Robinson River evacuee Johnny Shadforth with his grandsons Walter Allum, 3, and Mauhrys Allum, 4, at the Marrara evacuation centre on Sunday.
Robinson River evacuee Johnny Shadforth with his grandsons Walter Allum, 3, and Mauhrys Allum, 4, at the Marrara evacuation centre on Sunday.

Men who ran from cops during cyclone miraculously survive

SEVERAL people who remained in the path of Tropical Cyclone Trevor against advice on Saturday all miraculously survived the category 4 storm, authorities say.

But regional controller Travis Wurst said in the case of two people who hunkered down in a crabber's camp near Borroloola he had "no idea how".

"Those (two) persons who chose not to be evacuated actually ran from police when we attempted to engage with them about getting them out," he said.

"All the dwellings either side of them had blown away and their roof had blown off at the same time. (In) the last communications we heard that they thought they weren't going to make it and that was at 1 o'clock (Saturday) and then late (Saturday) night we received word that they had survived."

Commander Wurst said other people who elected to remain on Vanderlin Island and in Borroloola against advice were also okay.

Meanwhile, the damage at Robinson River is yet to be assessed and evacuees at the Marrara shelter are preparing to remain in Darwin for up to another week.

Johnny Shadforth told the NT News his family was "hoping and praying" their houses and pets had survived.

"We only got our new house about 18 months ago and we just moved in and we were ready to refurbish the rest of the community and (now) it looks like we'll be waiting a little bit longer," he said.

"They're going to concentrate on Borroloola because of the population and it'll be a while for us to find out about Robinson River.

"We've still got to find out through those guys when they get out there because no one's at home at the moment."

Despite the lack of information, Mr Shadforth said the spirits of residents still at the Marrara shelter were high.

"The mood's good and that, like a normal holiday thing but an emergency one, you know, you've got to leave half your gear behind and come with what you can pack," he said.

Chief Minster Michael Gunner thanked the evacuees for their patience and co-operation, promising "we are doing everything we can to get you home as soon as possible".

"This does take a personal toll, your homes, your lives, the places you know and care about, are threatened," he said.

"You are in our care, you have co-operated, we thank you all and we know it was extremely stressful for you in those evacuation centres."

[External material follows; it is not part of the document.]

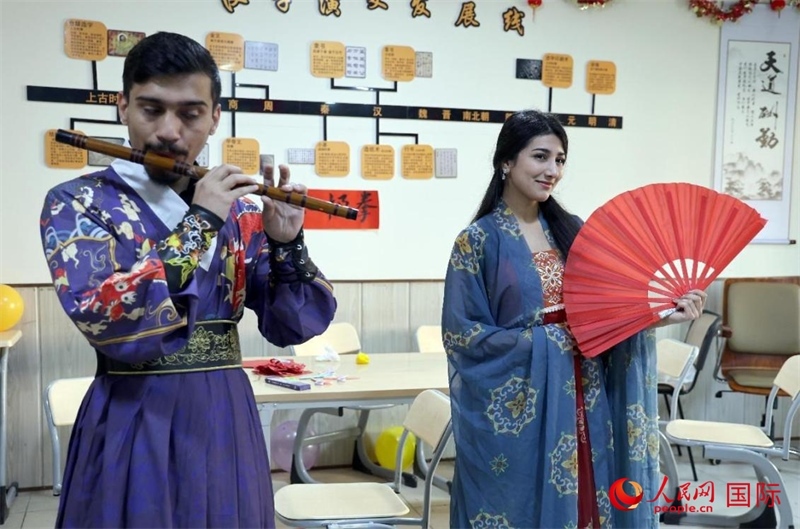 薩拉赫丁大學(xué)中文系學(xué)生們展示才藝。人民網(wǎng)伊納斯·易卜拉欣攝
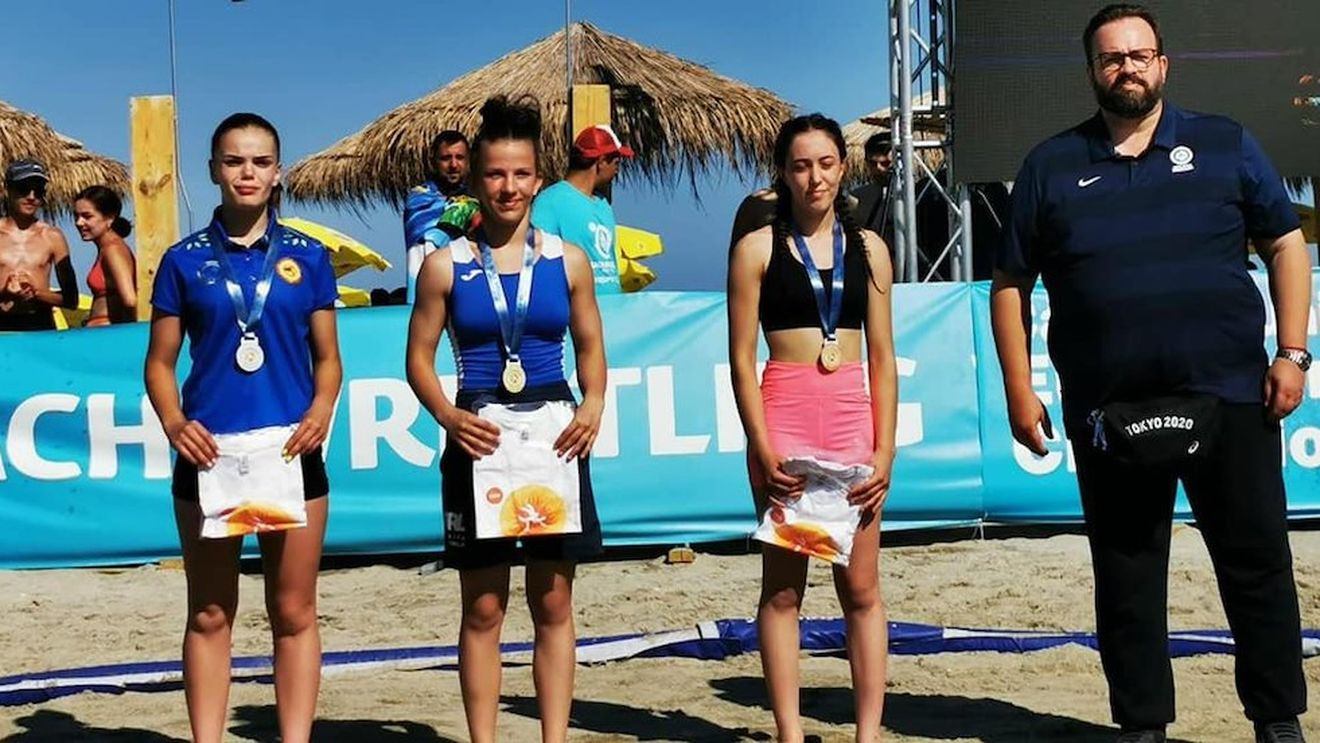Medalii pentru România la Campionatele Europene de Lupte pe Plajă / Ana Maria Rotaru a devenit campioană europeană la U17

Mr Gunner also praised the "incredible and extraordinary effort" of emergency services in helping ensure no lives were lost.

"I thank emergency services personnel, police, defence - this has been a series of long shifts and tough conditions," he said.

"I can think of no recent event, certainly not for decades, that has involved so many people across such a large part of the Territory."

Authorities were aiming to have a total of 250 people repatriated to their home communities by the end of Sunday.